### YOUR OBJECTIVE
For the records below, output word for word the lines from the one with "Collection photograph filed" up to and including the one with "Women's oversize sweatshirt". No pictures.

### TASK DATA

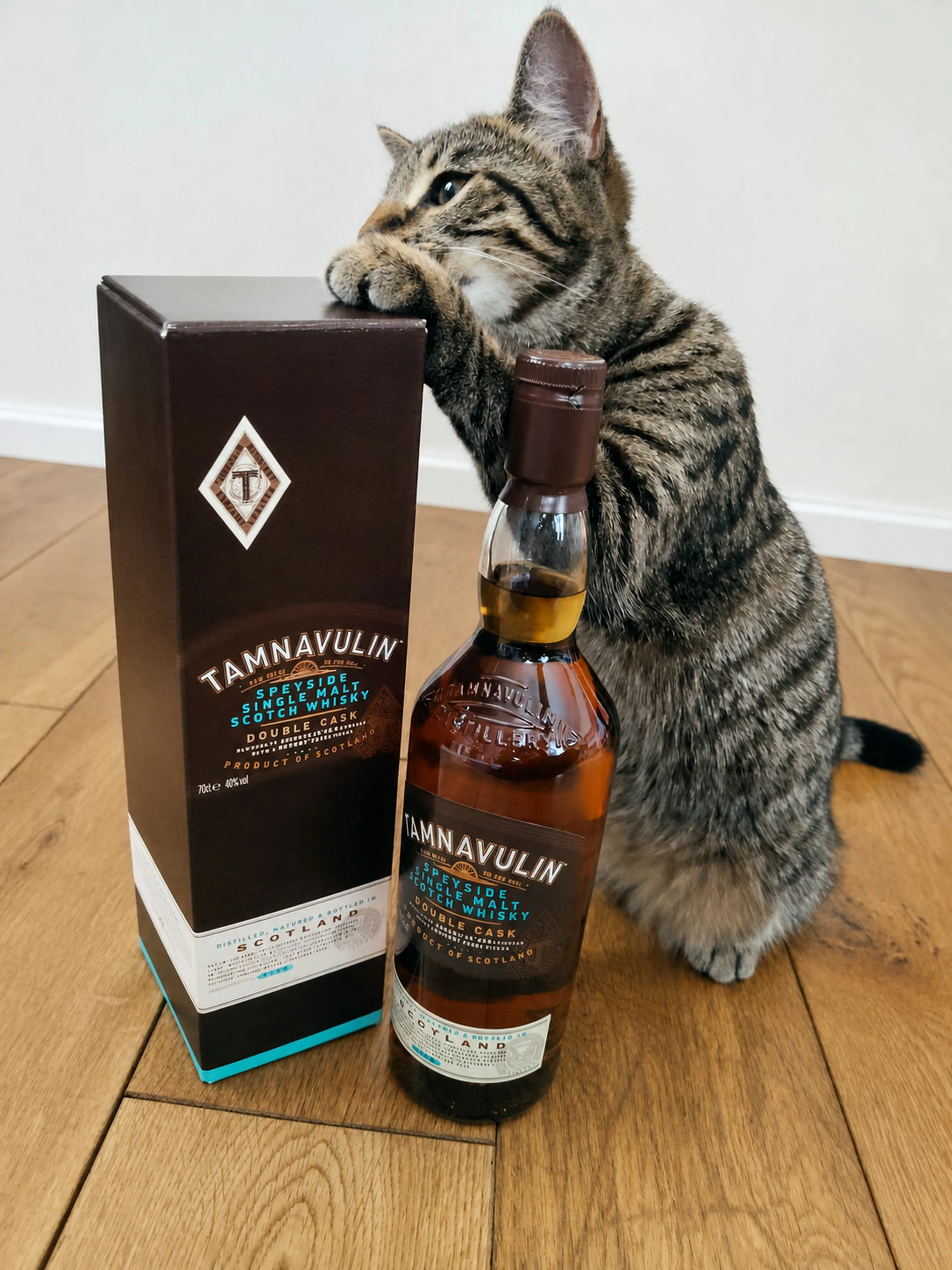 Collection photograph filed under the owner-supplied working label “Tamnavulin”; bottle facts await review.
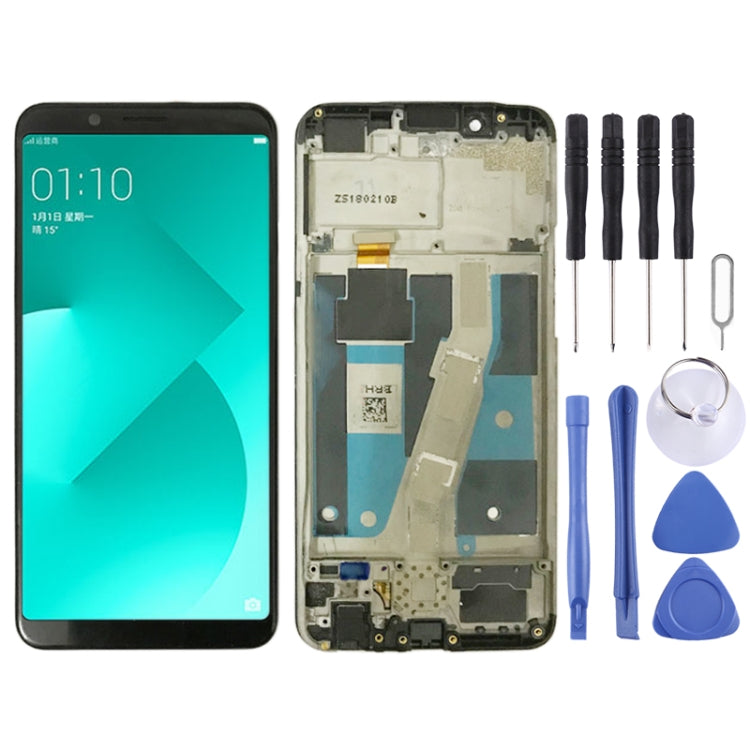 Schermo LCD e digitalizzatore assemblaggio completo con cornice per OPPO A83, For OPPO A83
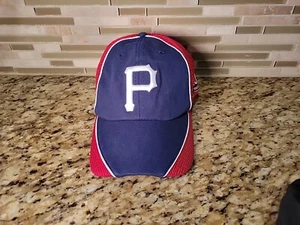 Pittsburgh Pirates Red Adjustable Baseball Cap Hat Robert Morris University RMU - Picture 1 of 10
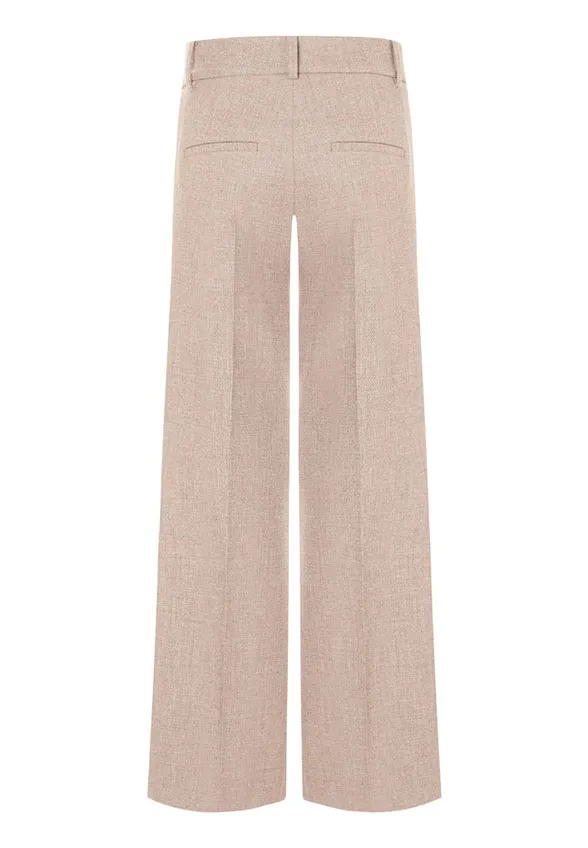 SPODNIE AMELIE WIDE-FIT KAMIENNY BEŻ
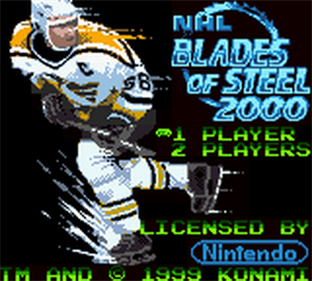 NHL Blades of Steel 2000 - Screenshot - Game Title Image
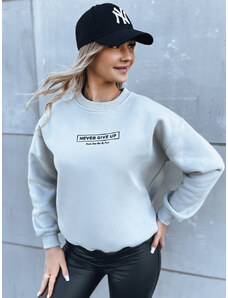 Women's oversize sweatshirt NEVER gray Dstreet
---
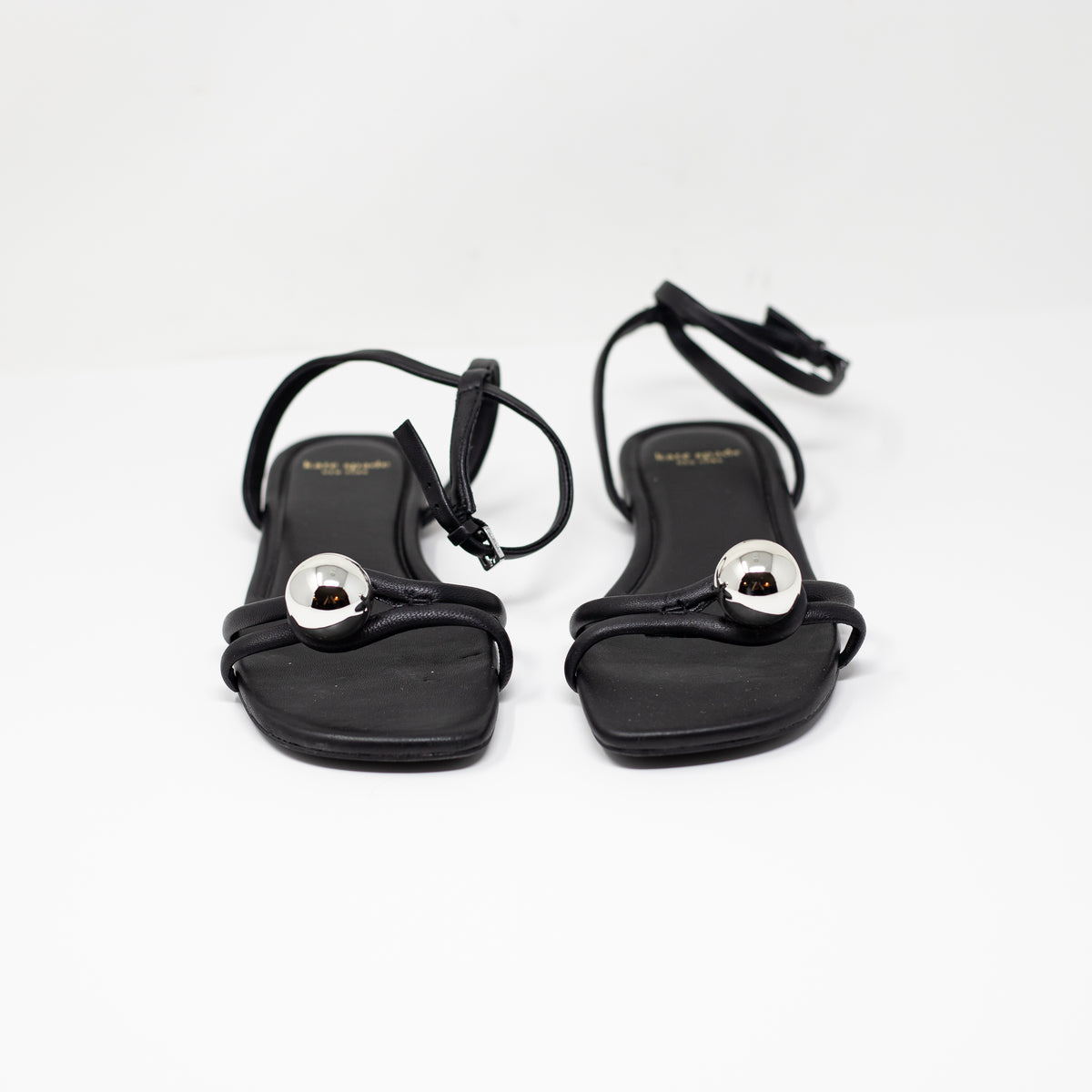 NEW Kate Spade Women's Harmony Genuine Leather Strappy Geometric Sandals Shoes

### ANSWER BOX
 Collection photograph filed under the owner-supplied working label “Tamnavulin”; bottle facts await review.
 Schermo LCD e digitalizzatore assemblaggio completo con cornice per OPPO A83, For OPPO A83
 Pittsburgh Pirates Red Adjustable Baseball Cap Hat Robert Morris University RMU - Picture 1 of 10
 SPODNIE AMELIE WIDE-FIT KAMIENNY BEŻ
 NHL Blades of Steel 2000 - Screenshot - Game Title Image
 Women's oversize sweatshirt NEVER gray Dstreet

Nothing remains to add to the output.